Retrieving sample data from a Jupyter Notebook.

Navigate to Compute Engine (GCP's product for managing virtual machines). You should be able to see the running "jump host" that allows us to connect to a MySQL database running on another virtual machine (in the bwcloud).

Please click on SSH to connect to a shell of this machine.

Connecting to the database server

First, we need to connect to the database. A port forwarding tunnl is already set up to the remote machine. Please enter the following command and the password which is provided in Moodle afterwards:

mysql -h localhost -P 3306 -u hdm -p

You should see this prompt:

Switching to the hdm database

The following commands require some basic SQL understanding which is required for this course.

Switch to the webshop database by entering the following command into the shell:

use hdm;

Reading the sales table

Select data from the sales table as follows:

select * from sales;

Results

You took a look at one very simple data source for our analytics architecture.

Creating a Jupyter Notebook

Navigate to "Vertex AI" - "Colab Enterprise":

Create a notebook (call it your last name):

Connect your notebook to a runtime environment:

You should be able to select an existing runtime.

Install pymysql using this command in the first cell:

!pip install pymysql

This should be the output after running the cell:

You should be able to load the sales table's content into a DataFrame:

import pandas as pd
from sqlalchemy import create_engine

DB_USER = 'siehe Moodle'
DB_PASSWORD = 'siehe Moodle'
DB_HOST = 'siehe Moodle'   # interne IP der MySQL-VM
DB_PORT = 3306
DB_NAME = 'siehe Moodle'

# SQLAlchemy Connection-URL 
connection_url = f"mysql+pymysql://{DB_USER}:{DB_PASSWORD}@{DB_HOST}:{DB_PORT}/{DB_NAME}"
engine = create_engine(connection_url)

# Select statement
df = pd.read_sql("SELECT * FROM sales", con=engine)
df

You should see this result (first 10 rows only shown):

Results

You now set up the whole (very simple) analytics architecture: one source system which is directly queried by a jupyter notebook.
Now you are set to implement descriptive analytics requirements which we'll do in the next section.

Requirements

Your task is to generate a simple overview showing the total sales value per Region and Product.

Sample Solution using plotly express

Please install plotly express by executing

!pip install plotly-express

We can create a very simple visualization by using a treemap:

import plotly.express as px
px.treemap(df, path=['region', 'product_name'], values='sales_value')

Output:

Results

Our first very simple data architecture is set up.
This architecture only allows descriptive analytics, no historization and is not capable of real "big data".
For Business Intelligence and Big Data analytics, we'll need more sophisticated architectures.
We will use this database as a data source for our big data analytics.
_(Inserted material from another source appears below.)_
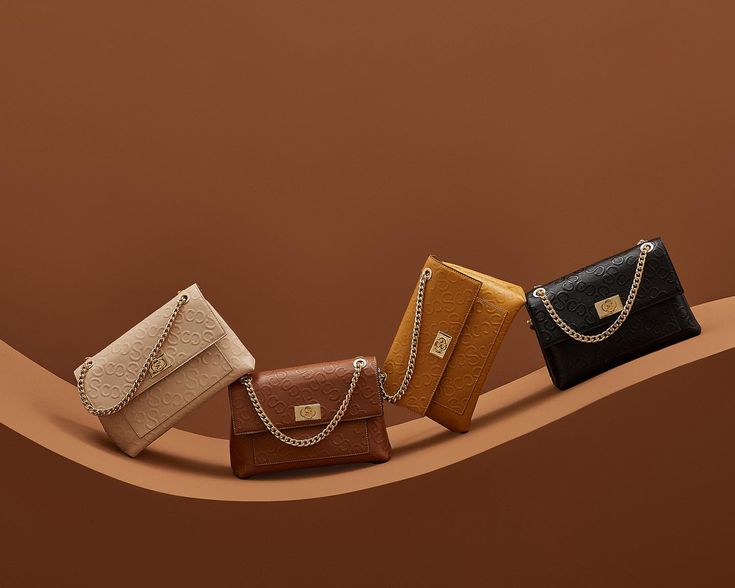Women’s Clutches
Although the volume is very low, we'll assume that the data sources will increase in volume and/or velocity a lot, i.e. requiring "real" big data architectures.

Congratulations, you succeeded in the first lab of our big data journey. This lab was not really touching big data systems but was intended to deepen your cloud knowledge, take your fears of opening and using a command shell (which is very simple in GCP), and connecting to sample source data.